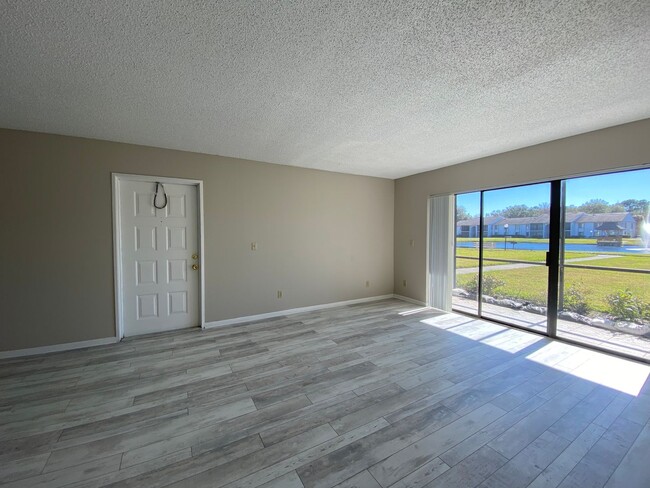 Building Photo - $500 OFF 1 Month's Rent! Beautiful 2 Bed 2...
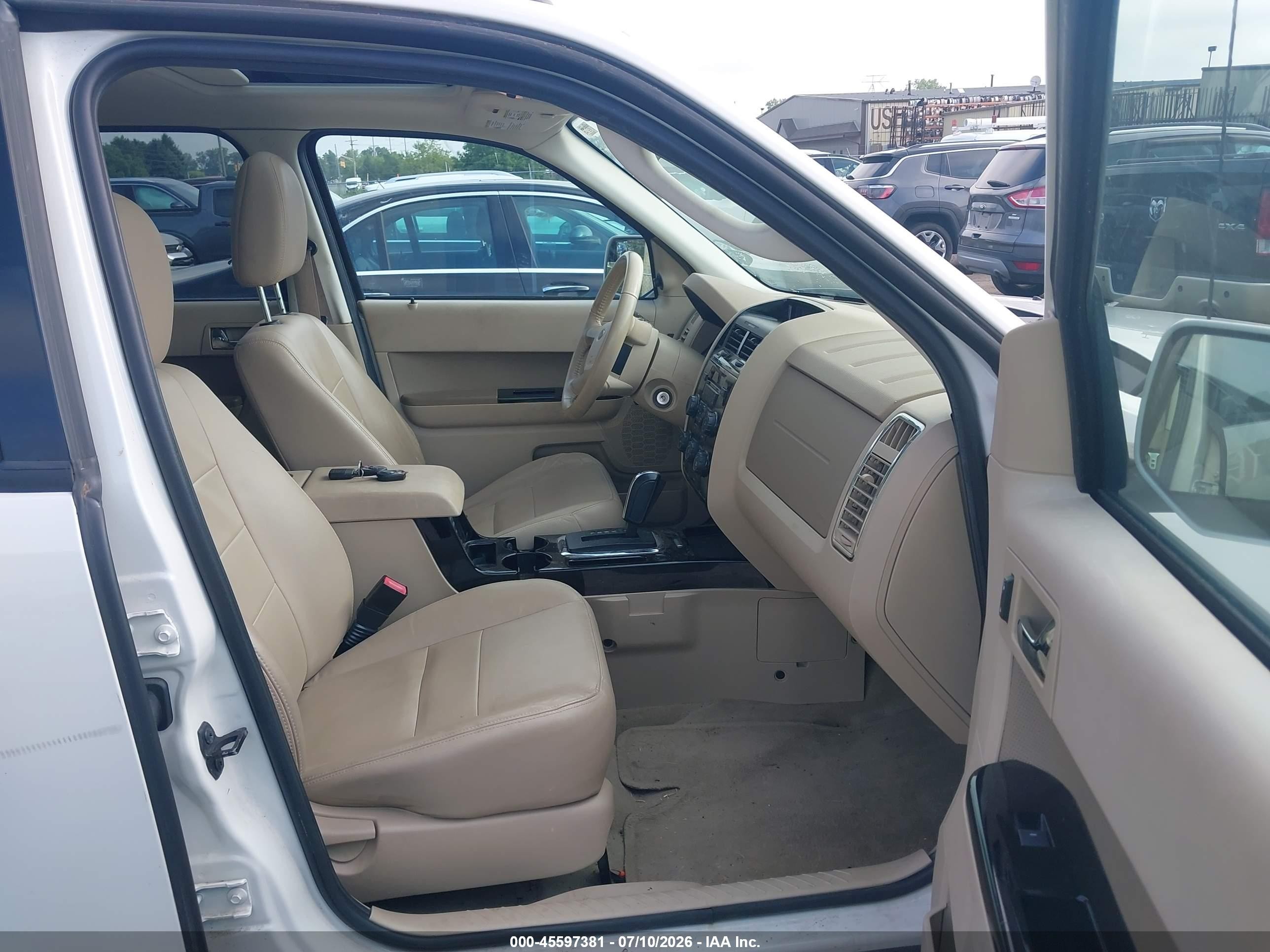 2010 Ford Escape Limited White vin: 1FMCU0E72AKD05721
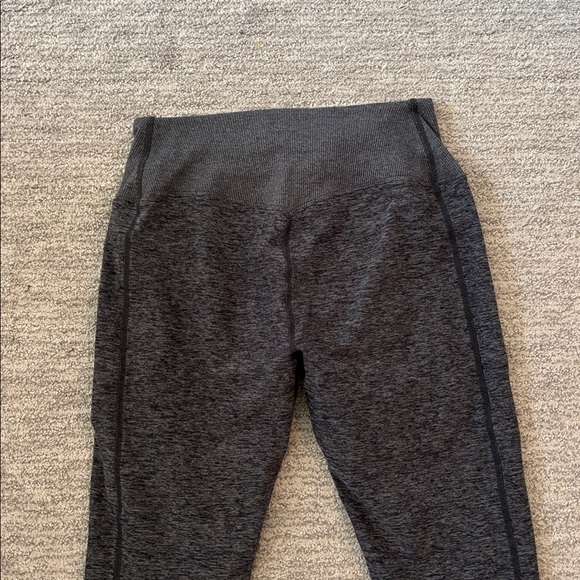 ALO Yoga Charcoal Heather goddess leggings medium - Picture 4 of 7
· · · · · · ·
▸ WHAT IS REQUIRED:
Could the lines above be copied out exactly, with no image carried over?

▸ RESPONSE FOR THIS EXERCISE:
 Building Photo - $500 OFF 1 Month's Rent! Beautiful 2 Bed 2...
 2010 Ford Escape Limited White vin: 1FMCU0E72AKD05721
 ALO Yoga Charcoal Heather goddess leggings medium - Picture 4 of 7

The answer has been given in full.